* **Source data**

○ ○ ○ ○

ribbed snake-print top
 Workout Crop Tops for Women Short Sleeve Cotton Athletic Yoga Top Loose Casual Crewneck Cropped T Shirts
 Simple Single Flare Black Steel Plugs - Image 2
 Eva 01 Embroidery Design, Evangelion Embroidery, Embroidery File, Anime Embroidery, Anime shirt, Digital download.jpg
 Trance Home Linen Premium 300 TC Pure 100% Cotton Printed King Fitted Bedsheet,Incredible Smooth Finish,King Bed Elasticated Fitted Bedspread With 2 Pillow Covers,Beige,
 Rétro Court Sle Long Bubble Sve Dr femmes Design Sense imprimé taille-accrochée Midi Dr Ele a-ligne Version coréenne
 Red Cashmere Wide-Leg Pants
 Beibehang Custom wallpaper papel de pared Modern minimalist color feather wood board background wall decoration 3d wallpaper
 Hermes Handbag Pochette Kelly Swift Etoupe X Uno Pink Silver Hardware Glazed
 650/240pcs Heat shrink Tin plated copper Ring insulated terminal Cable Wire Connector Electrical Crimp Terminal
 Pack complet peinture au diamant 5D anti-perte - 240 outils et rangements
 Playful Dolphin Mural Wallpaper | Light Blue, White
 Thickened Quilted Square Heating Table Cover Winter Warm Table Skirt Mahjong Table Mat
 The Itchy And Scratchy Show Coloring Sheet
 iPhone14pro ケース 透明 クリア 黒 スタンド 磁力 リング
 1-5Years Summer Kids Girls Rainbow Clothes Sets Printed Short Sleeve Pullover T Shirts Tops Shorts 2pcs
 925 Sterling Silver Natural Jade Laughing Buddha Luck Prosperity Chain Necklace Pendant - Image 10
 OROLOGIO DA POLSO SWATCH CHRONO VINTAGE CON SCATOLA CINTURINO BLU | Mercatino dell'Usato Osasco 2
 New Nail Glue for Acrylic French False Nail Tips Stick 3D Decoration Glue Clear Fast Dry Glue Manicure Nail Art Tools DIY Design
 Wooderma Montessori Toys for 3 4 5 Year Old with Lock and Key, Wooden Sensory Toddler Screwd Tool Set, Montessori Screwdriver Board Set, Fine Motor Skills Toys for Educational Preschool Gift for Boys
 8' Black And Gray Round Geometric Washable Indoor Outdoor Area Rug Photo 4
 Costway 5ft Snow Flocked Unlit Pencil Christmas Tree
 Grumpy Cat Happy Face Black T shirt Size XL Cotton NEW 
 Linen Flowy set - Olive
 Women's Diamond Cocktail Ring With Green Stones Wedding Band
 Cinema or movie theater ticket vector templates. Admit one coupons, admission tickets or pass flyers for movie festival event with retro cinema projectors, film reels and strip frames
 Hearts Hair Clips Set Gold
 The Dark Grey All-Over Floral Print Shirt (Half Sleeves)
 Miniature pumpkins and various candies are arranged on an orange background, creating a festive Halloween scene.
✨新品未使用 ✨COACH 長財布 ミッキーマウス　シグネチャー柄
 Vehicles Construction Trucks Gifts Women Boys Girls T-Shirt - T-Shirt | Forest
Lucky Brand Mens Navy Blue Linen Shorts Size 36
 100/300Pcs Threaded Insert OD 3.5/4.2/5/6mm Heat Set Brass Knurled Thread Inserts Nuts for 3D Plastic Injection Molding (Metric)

○ ○ ○ ○

* **Problem requirements**
Give back exactly the lines of the listing, starting with the first and ending with the one bearing "Simple Single Flare". Add no other lines.

* **Output of the exercise**
ribbed snake-print top
 Workout Crop Tops for Women Short Sleeve Cotton Athletic Yoga Top Loose Casual Crewneck Cropped T Shirts
 Simple Single Flare Black Steel Plugs - Image 2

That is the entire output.